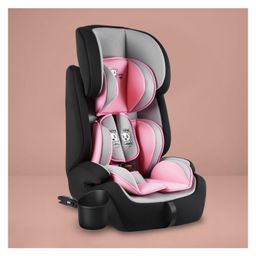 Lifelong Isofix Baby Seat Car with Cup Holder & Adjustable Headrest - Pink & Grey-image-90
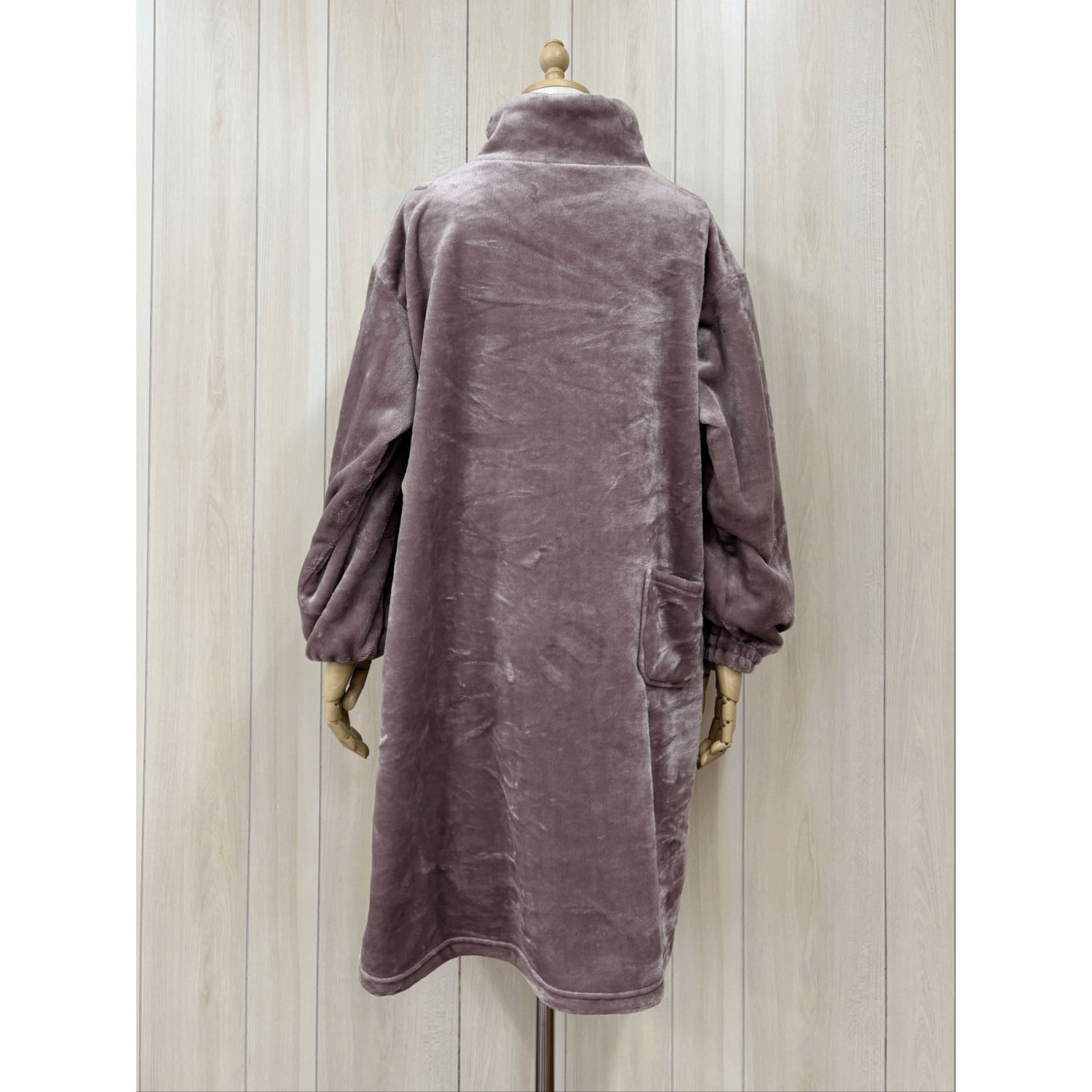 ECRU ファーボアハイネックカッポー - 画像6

__________

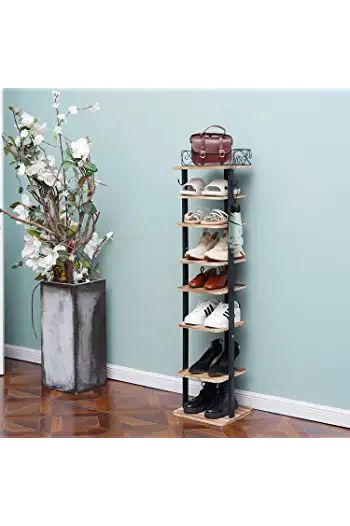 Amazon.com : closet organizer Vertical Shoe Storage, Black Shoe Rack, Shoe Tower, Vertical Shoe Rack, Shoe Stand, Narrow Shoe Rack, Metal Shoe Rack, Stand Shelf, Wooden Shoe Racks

__________

**WORK REQUEST:**
Return exactly the stretch above whose first line contains "Lifelong Isofix Baby" and whose last line contains "ECRU ファーボアハイネックカッポー - 画像6", and nothing outside it. The pictures should not appear.

**EXERCISE RESULT:**
 Lifelong Isofix Baby Seat Car with Cup Holder & Adjustable Headrest - Pink & Grey-image-90
 ECRU ファーボアハイネックカッポー - 画像6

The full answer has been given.